Ce permis a été contesté par différents requérants qui soulevaient l’absence de qualité du pétitionnaire pour déposer la demande de permis de construire, puisqu’il ne disposait pas de l’autorisation de l’assemblée générale des copropriétaires.
Le tribunal administratif avait fait droit à la demande d’annulation du permis de construire en relevant l’existence de manœuvres frauduleuses.
Selon le juge du fond, la fraude était caractérisée dans la mesure où le pétitionnaire a attesté de sa qualité pour déposer sa demande de permis de construire modificatif alors qu’il existait un débat sur la nécessité d’obtenir au préalable l’autorisation de l’assemblée générale des copropriétaires.

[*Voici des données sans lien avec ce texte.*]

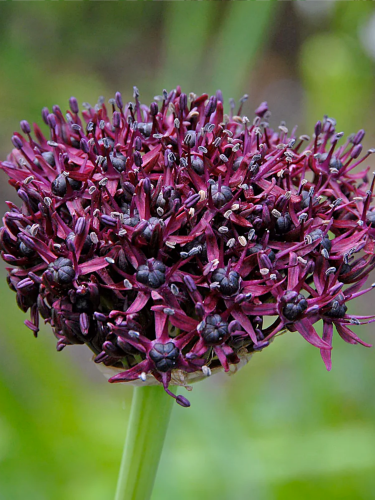 Алліум Atropurpureum (2 шт. в упаковці)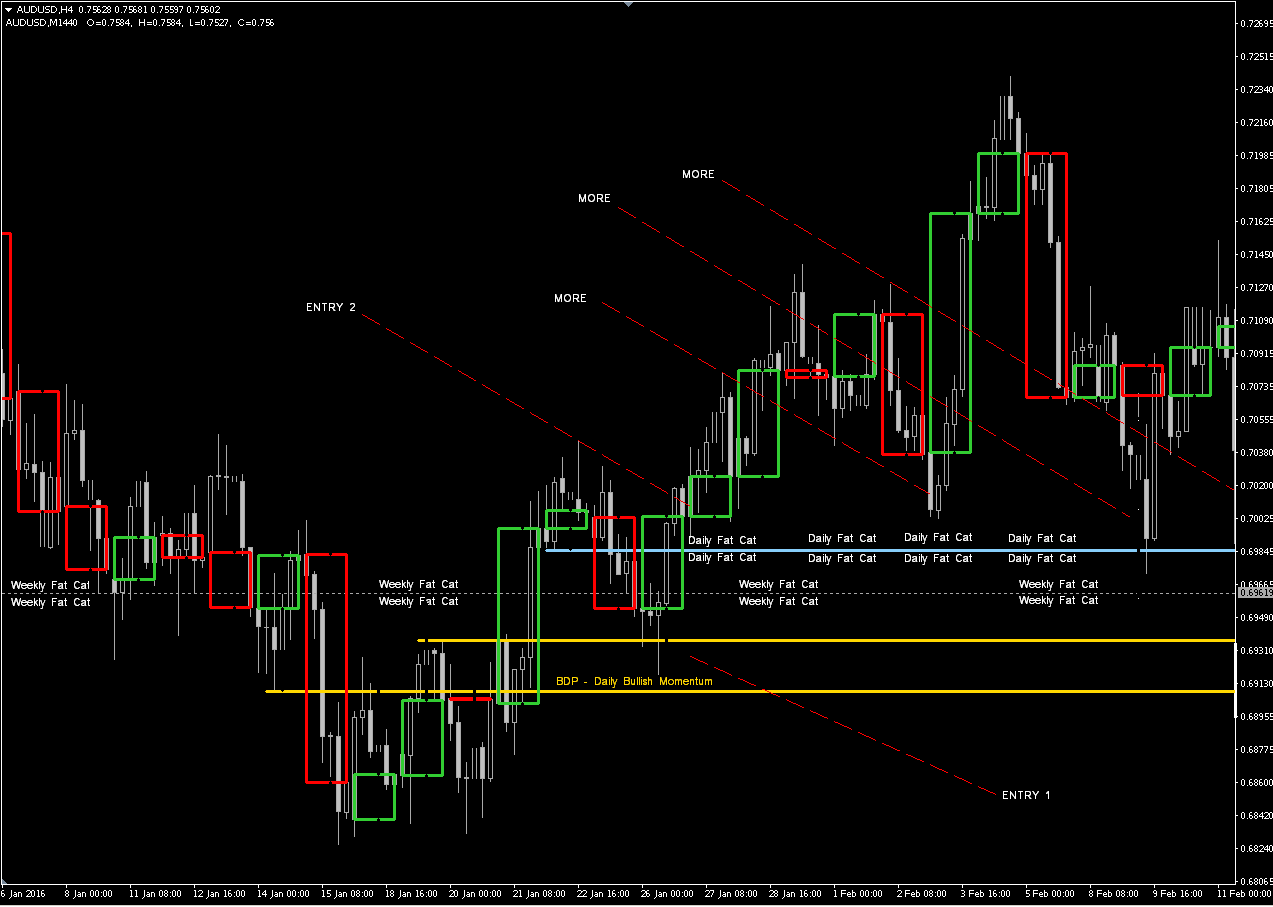 Fat Cat + Momentum.png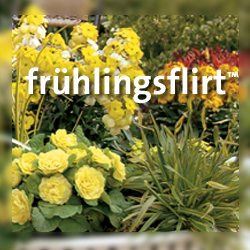 Fr&uuml;hlingsflirt Link Buttons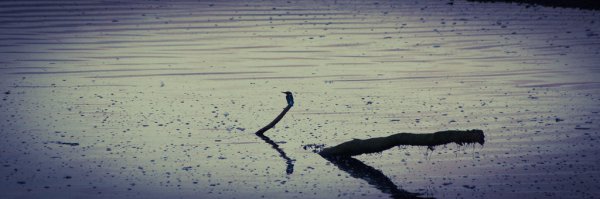 Kingfisher On A Waterbound Purch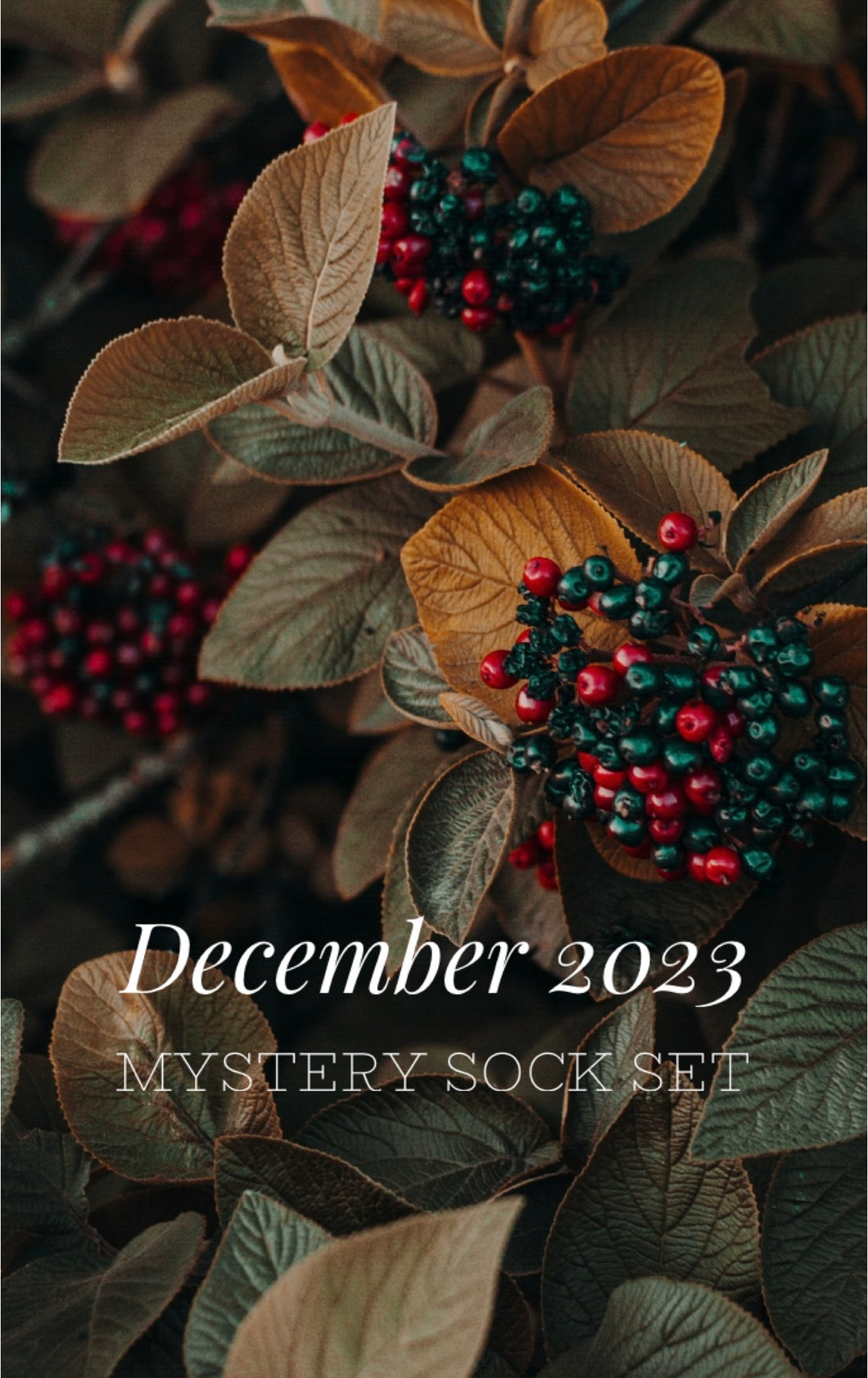 December ‘23 Mystery Sock Set PRE-ORDER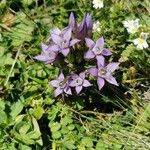 Gentianella ramosa Λουλούδι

Le Conseil d’Etat a toutefois estimé qu’en statuant de la sorte, le tribunal administratif avait entaché son jugement d’une erreur de droit.
Le juge de cassation en profite alors pour préciser les conditions d’application des dispositions des articles R. 431-5 et R. 423-1 du code de l’urbanisme.
Le Conseil d’Etat précise ainsi que le pétitionnaire qui fournit l’attestation selon laquelle il remplit les conditions fixées par l’article R. 423-1 du code de l’urbanisme doit être regardé comme ayant qualité pour présenter sa demande.
Dès lors, lorsque la demande d’autorisation d’urbanisme concerne un terrain soumis au régime juridique de la copropriété, elle peut être régulièrement présentée par son propriétaire, son mandataire ou par une ou plusieurs personnes attestant être autorisées par lui à exécuter les travaux.
Une telle demande est régulière alors même que la réalisation de ces travaux serait subordonnée à l’autorisation de l’assemblée générale de la copropriété.
Le juge administratif précise qu’une contestation sur l’éventuelle autorisation de l’assemblée générale des copropriétaires ne peut être portée, le cas échéant, que devant le juge judiciaire.
En conséquence, le fait qu’il existe une contestation sur cette autorisation ne saurait, par elle-même, caractériser une fraude du pétitionnaire entachant d’irrégularité la demande d’autorisation d’urbanisme.
Dès lors, selon cette jurisprudence, un copropriétaire pourra déposer une demande de permis de construire :
D’une part, sans avoir à justifier de l’obtention d’une autorisation de l’assemblée générale des copropriétaires ;
D’autre part, alors même qu’il existe un litige portant sur la nécessité d’obtenir une telle autorisation. La connaissance de ce litige appartient en tout état de cause au juge judiciaire.